El Tribunal Russell nació porque era reclamado. No ciertamente porque se lo esperara con conocimiento de causa ni, sobre todo, bajo la forma que ha tomado. Nació como pudo, de la necesidad que se sentía entre las masas de ver que una legislación universal y ratificada por todos los gobiernos –pero que permaneció muerta porque no podía vivir sin ser revolucionaria–, se aplicara después de encuestas y rigurosamente a las acciones precisas del gobierno norteamericano en el conflicto de Vietnam. Nació porque los pueblos querían que se utilizaran los conceptos exactos –el de agresión, por ejemplo–, que equipos de juristas se habían esforzado por definir sin ambigüedad para aclarar esos acontecimientos oscuros y sangrientos. Nadie le otorgó su mandato. ¿Quién lo hubiera hecho?
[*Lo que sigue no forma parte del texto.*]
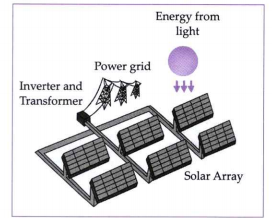Answer the following  (1) observe the figure carefully, and explain how power is generated in a solar photovoltaic station.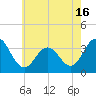 Ocean Drive Bridge tide chart for Sunday, May 16, 2021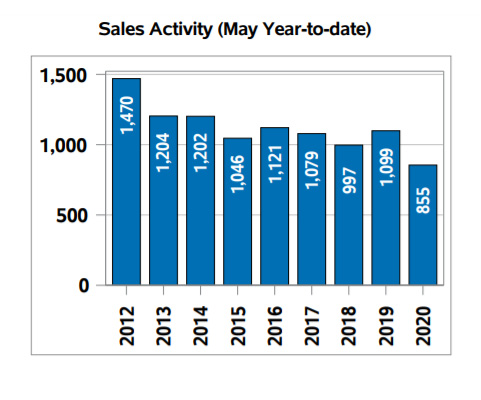 home sales in Regina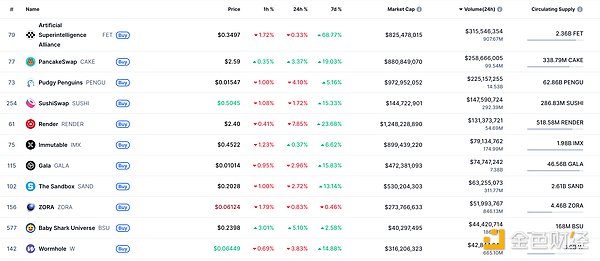 7412953 ZecVGyUL2IFv4gpKgyjLWcMKLAChqeL05DtJlKqV.png
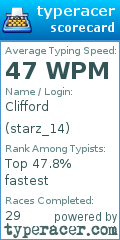 Scorecard for user starz_14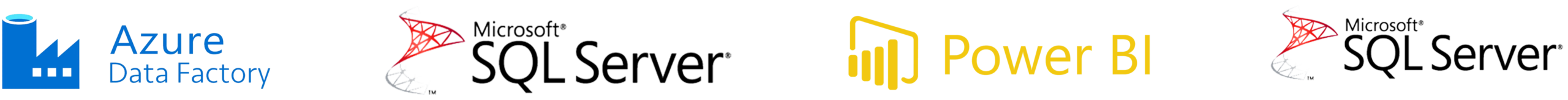Technologies used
Ni los gobiernos, todos más o menos cómplices, que prefieren el silencio ante todo. Ni las mismas masas, divididas por sus fronteras, presentando la universalidad que se les niega. Pero, lejos de sustituirse a un poder instituido, el Tribunal surgió de ese vacío y de ese llamado. Porque, como lo hemos visto, si las leyes internacionales reclaman ser aplicadas a la política del gobierno de Johnson es, en verdad, a causa de la exigencia popular. Al finalizar nuestra sesión de Estocolmo, hemos recibido una primera legitimación: en la misma medida en que, por nuestra unanimidad, nos habíamos convertido en seres comunes e intercambiables, en la medida en que cualquiera podía reemplazarnos, comprendimos que nos habíamos transformado en los verdaderos representantes de las masas, es decir que habíamos usado del puro derecho de juzgar que pertenece inalienablemente a cada uno y a todos en el seno del pueblo, y que es el fundamento de toda sentencia. Nosotros –hombres de la masa– juzgamos por la masa y, sin ninguna duda, antes de su acuerdo. Pero nuestro juicio no ha logrado aún toda su verdad: es necesario ahora presentarlo a los pueblos, con sus motivos y finalidades. Si ellos lo ratifican, se convertirá en el juicio de ellos y en ellos alcanzará toda su objetividad. Sabremos entonces que nuestra legitimación es total y que las masas, al prestarle su acuerdo, develan una exigencia más profunda: que un verdadero tribunal sea creado contra los criminales de guerra. Un tribunal que emane de ellas y que dé a sus exigencias éticas una dimensión jurídica. Un tribunal revolucionario.
Tricontinental, 3 de Diciembre de 1967
*
EL GENOCIDIO
A la sexta pregunta que le fue formulada: “¿Es el gobierno de los Estados Unidos culpable del crimen de genocidio con respecto del pueblo vietnamita?”, el “Tribunal Internacional contra los crímenes de guerra” reunido en Roskilde, Dinamarca, del 28 de noviembre al de diciembre de 1967, ha respondido unánimemente “sí”. He sido encargado por el Tribunal de redactar las motivaciones de esta respuesta. Helas aquí:
I
La palabra “genocidio” existe desde hace poco tiempo: fue el jurista Lemkin quien la forjó entre las dos guerras mundiales. La cosa es vieja como la humanidad y no ha habido, hasta ahora, ninguna sociedad cuya estructura la haya preservado de cometer este crimen. Queda que todo genocidio es un producto de la historia, y que lleva la marca de la colectividad de donde ha surgido. Este que tenemos que juzgar es el hecho de la más grande potencia capitalista del mundo contemporáneo: como tal es necesario intentar conocerlo –dicho de otro modo–: en tanto cuanto expresa a la vez las infraestructuras económicas de esa potencia, sus fines políticos y las contradicciones de la coyuntura presente.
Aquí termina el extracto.